Why is pain so defining?

The answer was simple.

Because pain & love walk hand in hand.

An astonishing fine line.


I had to learn that pain was the greatest teacher.

He claimed, “I teach you the hard way, because otherwise you will never learn.”

Knowing that it felt horrible,

he still asked me if I liked how it felt.

I replied with a simple “of course not” & before he was about to lecture me any further, I understood.

“Then make sure you don’t make anybody else feel the same pain you just had to feel”, he said.

At first, I was fascinated.

Then I realized that if everybody works together & nobody causes anybody else any pain, we could stop the vicious cycle.

Technically.

Ecstatic was the best word to describe how I was feeling.

But the world doesn’t work like that, kid.

It’s a sad, cold world.


“Only time I’m feeling pain,

is when I’m feeling love.”


So what are my options?

As I grew older, I grew colder.

Couldn’t seem to find anybody’s shoulder.

Who can you trust in this forsaken world?

We are born alone & we die alone.

My book of pain keeps adding new chapters,

as I don’t just grow colder, but wiser.

He has taught me that it is better to be hurt, instead of being the 1 hurting others.

We endure.

It is not us, who need to be saved...

It is them.

It is us, who need to show them that their medicine has been inside them all this time.

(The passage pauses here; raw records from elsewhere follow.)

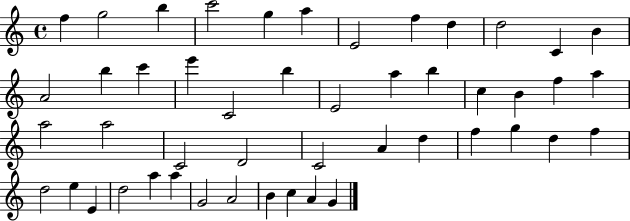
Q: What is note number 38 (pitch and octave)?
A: E5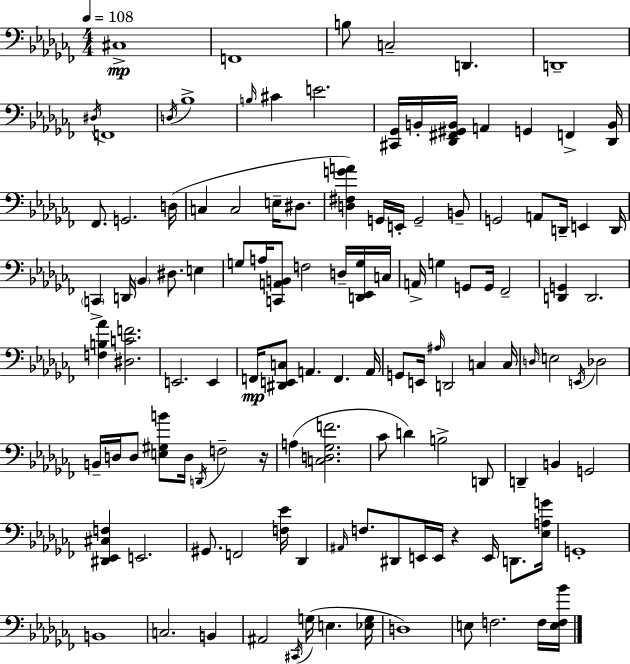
{
  \clef bass
  \numericTimeSignature
  \time 4/4
  \key aes \minor
  \tempo 4 = 108
  cis1->\mp | f,1 | b8 c2-- d,4. | d,1-- | \break \acciaccatura { dis16 } f,1 | \acciaccatura { d16 } bes1-> | \grace { b16 } cis'4 e'2. | <cis, ges,>16 b,16-. <des, fis, gis, b,>16 a,4 g,4 f,4-> | \break <des, b,>16 fes,8. g,2. | d16( c4 c2 e16-- | dis8. <d fis g' a'>4) g,16 e,16-. g,2-- | b,8-- g,2 a,8 d,16-- e,4 | \break d,16 \parenthesize c,4-> d,16 \parenthesize bes,4 dis8. e4 | g8 a16 <c, a, b,>8 f2 | d16-- <d, ees, g>16 c16 a,16-> g4 g,8 g,16 fes,2-- | <d, g,>4 d,2. | \break <f b aes'>4 <dis c' f'>2. | e,2. e,4 | f,16\mp <dis, e, c>8 a,4. f,4. | a,16 g,8 e,16 \grace { ais16 } d,2 c4 | \break c16 \grace { d16 } e2 \acciaccatura { e,16 } des2 | b,16-- d16 d8 <e gis b'>8 d16 \acciaccatura { d,16 } f2-- | r16 a4( <c d ges f'>2. | ces'8 d'4) b2-> | \break d,8 d,4-- b,4 g,2 | <dis, ees, cis f>4 e,2. | gis,8. f,2 | <f ees'>16 des,4 \grace { ais,16 } f8. dis,8 e,16 e,16 r4 | \break e,16 d,8. <ees a g'>16 g,1-. | b,1 | c2. | b,4 ais,2 | \break \acciaccatura { cis,16 } g16( e4. <ees g>16 d1) | e8 f2. | f16 <e f bes'>16 \bar "|."
}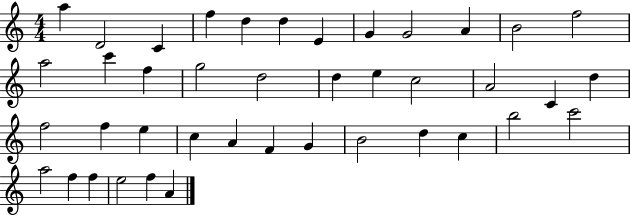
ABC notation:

X:1
T:Untitled
M:4/4
L:1/4
K:C
a D2 C f d d E G G2 A B2 f2 a2 c' f g2 d2 d e c2 A2 C d f2 f e c A F G B2 d c b2 c'2 a2 f f e2 f A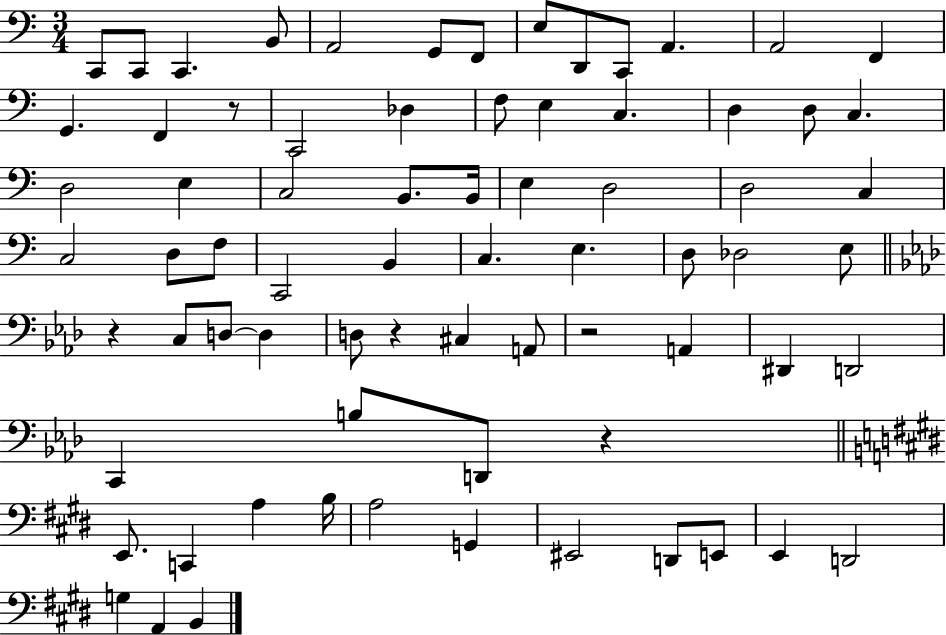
C2/e C2/e C2/q. B2/e A2/h G2/e F2/e E3/e D2/e C2/e A2/q. A2/h F2/q G2/q. F2/q R/e C2/h Db3/q F3/e E3/q C3/q. D3/q D3/e C3/q. D3/h E3/q C3/h B2/e. B2/s E3/q D3/h D3/h C3/q C3/h D3/e F3/e C2/h B2/q C3/q. E3/q. D3/e Db3/h E3/e R/q C3/e D3/e D3/q D3/e R/q C#3/q A2/e R/h A2/q D#2/q D2/h C2/q B3/e D2/e R/q E2/e. C2/q A3/q B3/s A3/h G2/q EIS2/h D2/e E2/e E2/q D2/h G3/q A2/q B2/q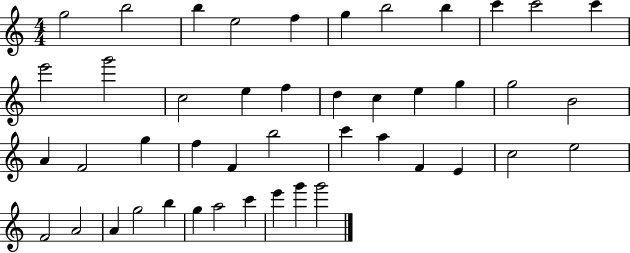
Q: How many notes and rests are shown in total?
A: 45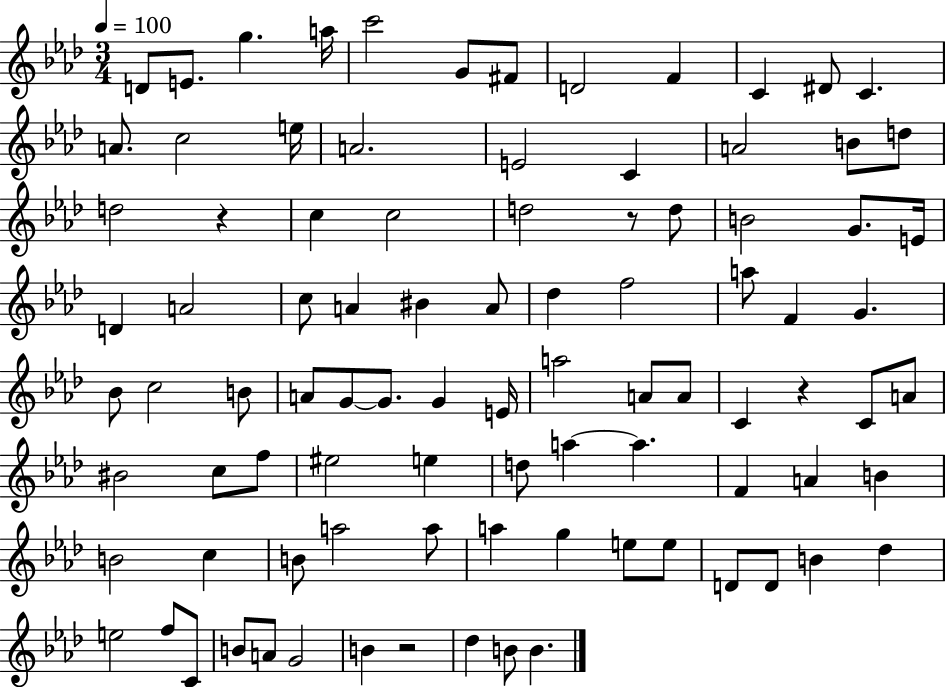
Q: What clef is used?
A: treble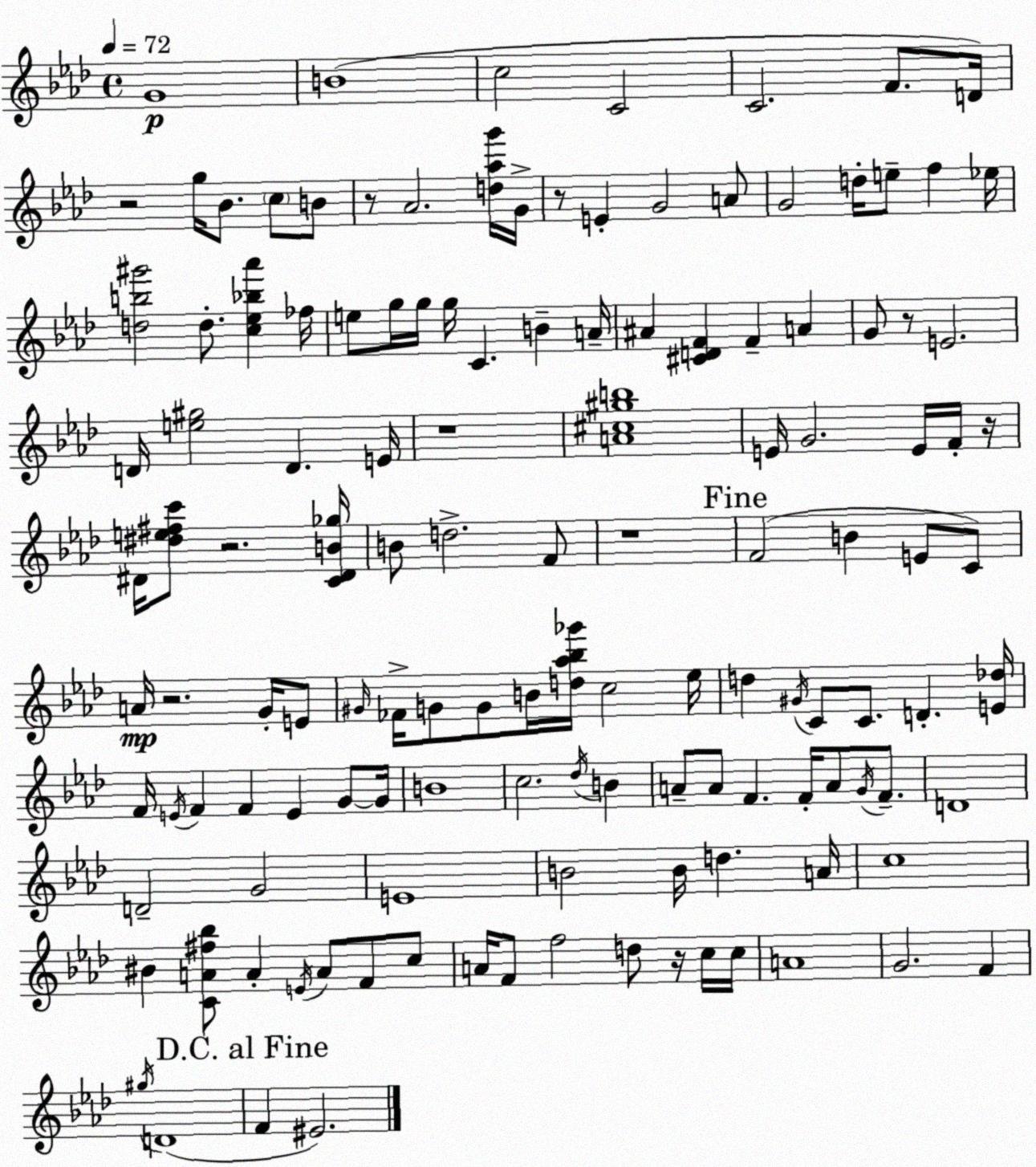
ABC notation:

X:1
T:Untitled
M:4/4
L:1/4
K:Ab
G4 B4 c2 C2 C2 F/2 D/4 z2 g/4 _B/2 c/2 B/2 z/2 _A2 [d_ag']/4 G/4 z/2 E G2 A/2 G2 d/4 e/2 f _e/4 [db^g']2 d/2 [c_e_b_a'] _f/4 e/2 g/4 g/4 g/4 C B A/4 ^A [^CDF] F A G/2 z/2 E2 D/4 [e^g]2 D E/4 z4 [A^c^gb]4 E/4 G2 E/4 F/4 z/4 ^D/4 [^de^fc']/2 z2 [C^DB_g]/4 B/2 d2 F/2 z4 F2 B E/2 C/2 A/4 z2 G/4 E/2 ^G/4 _F/4 G/2 G/2 B/4 [d_a_b_g']/4 c2 _e/4 d ^G/4 C/2 C/2 D [E_d]/4 F/4 E/4 F F E G/2 G/4 B4 c2 _d/4 B A/2 A/2 F F/4 A/2 G/4 F/2 D4 D2 G2 E4 B2 B/4 d A/4 c4 ^B [CA^f_b]/2 A E/4 A/2 F/2 c/2 A/4 F/2 f2 d/2 z/4 c/4 c/4 A4 G2 F ^g/4 D4 F ^E2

It is them, who need to find it inside themselves.

We endure.


Cold shoulders, broken hearts.

We need those things to evolve.

To gain an understanding of appreciation.

To realize that we are capable.

To ENDURE & push through.

What we decide to pursue between birth & death is our very own choice.

Every day is a test.

& every day might be the last.

LOVE.

Love as long as you live.

My words carry the message of pain.

My life is fueled by my art.

I write because I love pain.

& pain loves me.


I had realized, that pain was my best friend.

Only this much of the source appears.